Available records
════════

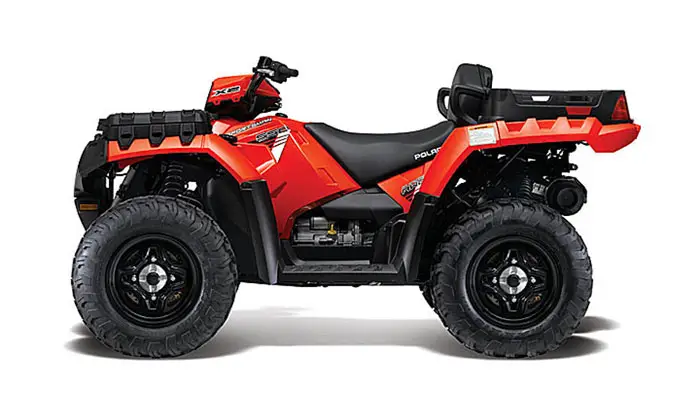 2013 Polaris Sportsman X2 550 Indy Red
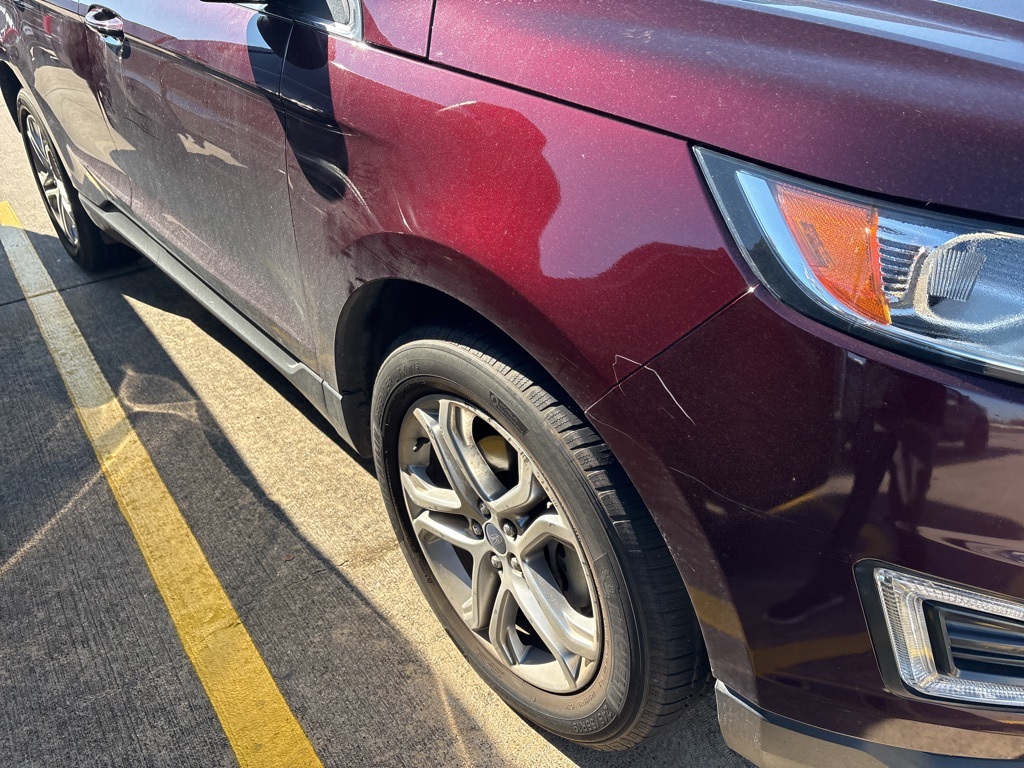 2018 Ford Edge Titanium Red at Emmons Autoplex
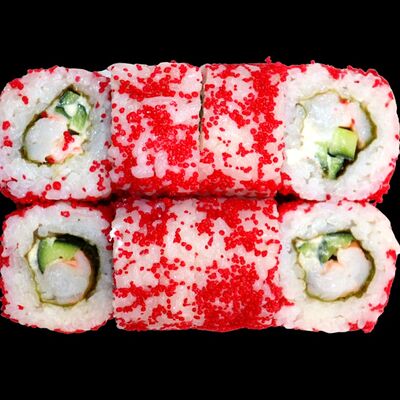 Калифорния с креветкой в Gravity Rolls по цене 389 ₽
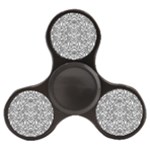 Monochrome Maze Design Print Finger Spinner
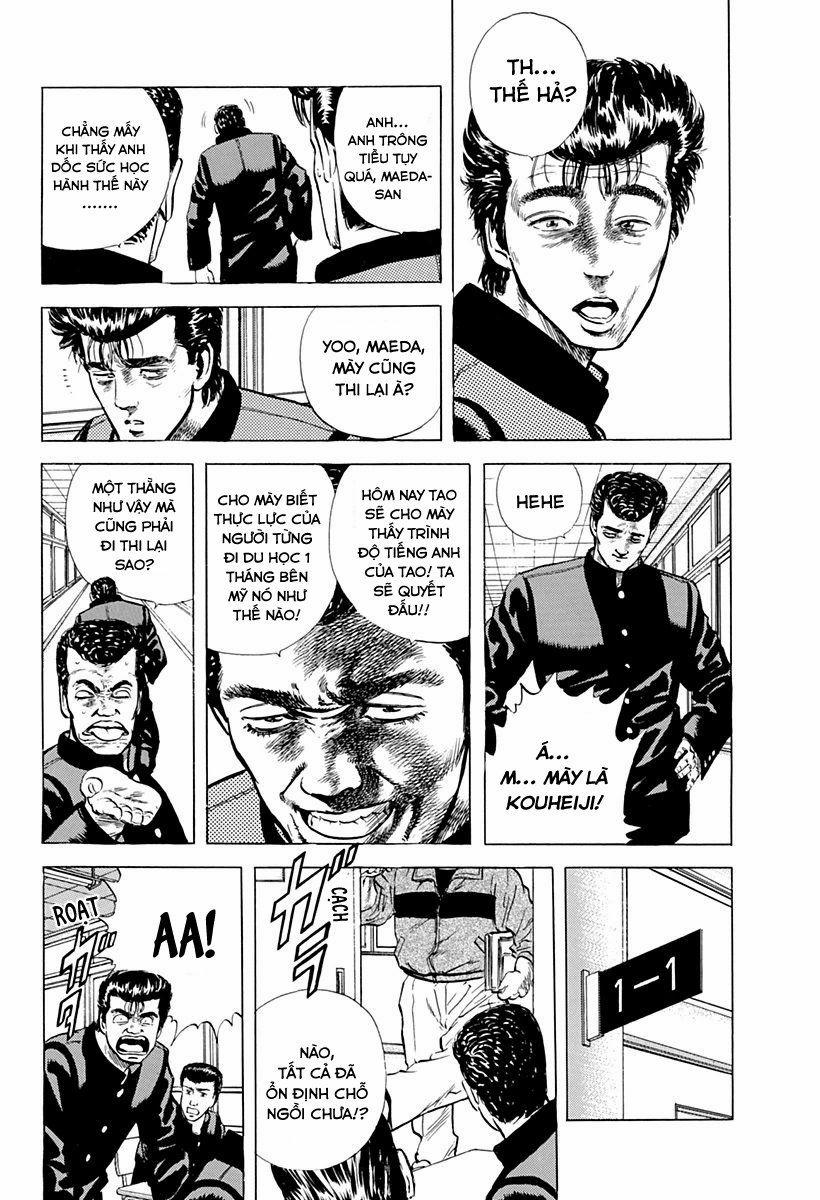 Rokudenashi Blues 35 trang 8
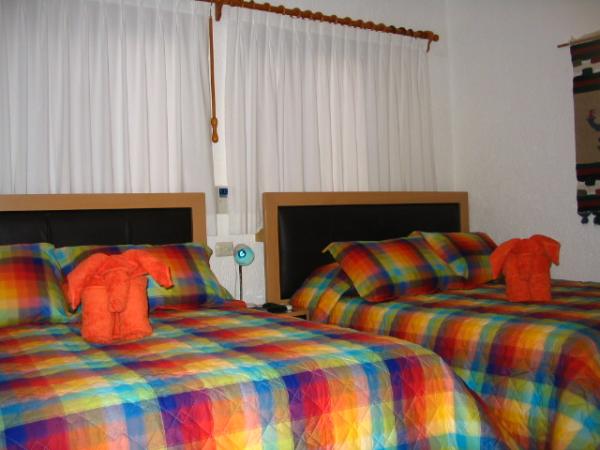 Hotel Room faces the jungle and garden side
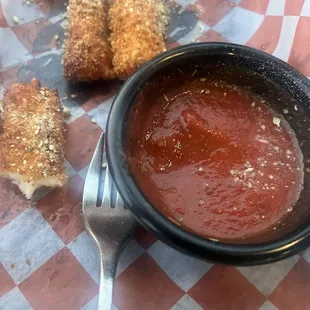 Mozzarella sticks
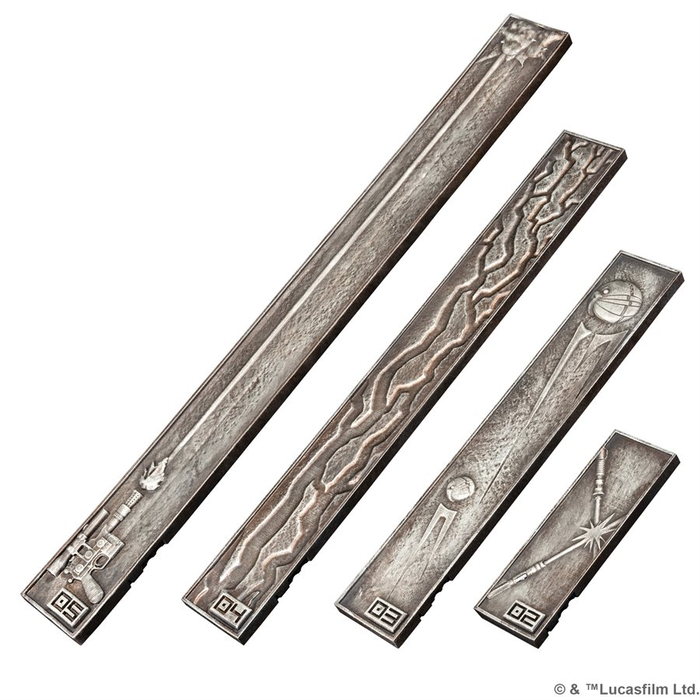 Atomic Mass Games Star Wars - Shatterpoint: Measuring Tools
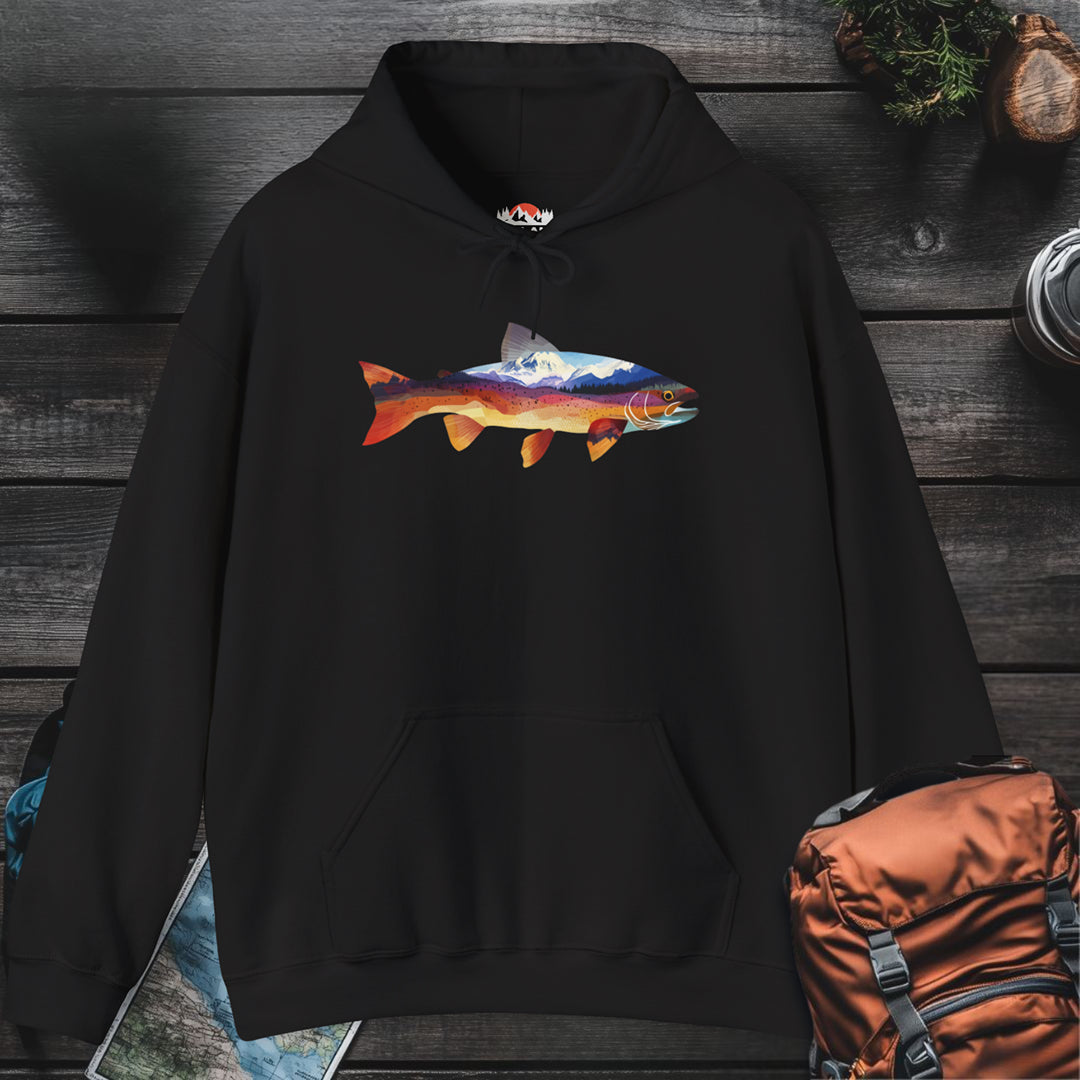 Mountain Trout Hoodie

════════

Problem requirements
What the answer must hold is the exact text of every line from the one containing "Mozzarella sticks" through the end of the data, minus any pictures.

Solution to the exercise
 Mozzarella sticks
 Atomic Mass Games Star Wars - Shatterpoint: Measuring Tools
 Mountain Trout Hoodie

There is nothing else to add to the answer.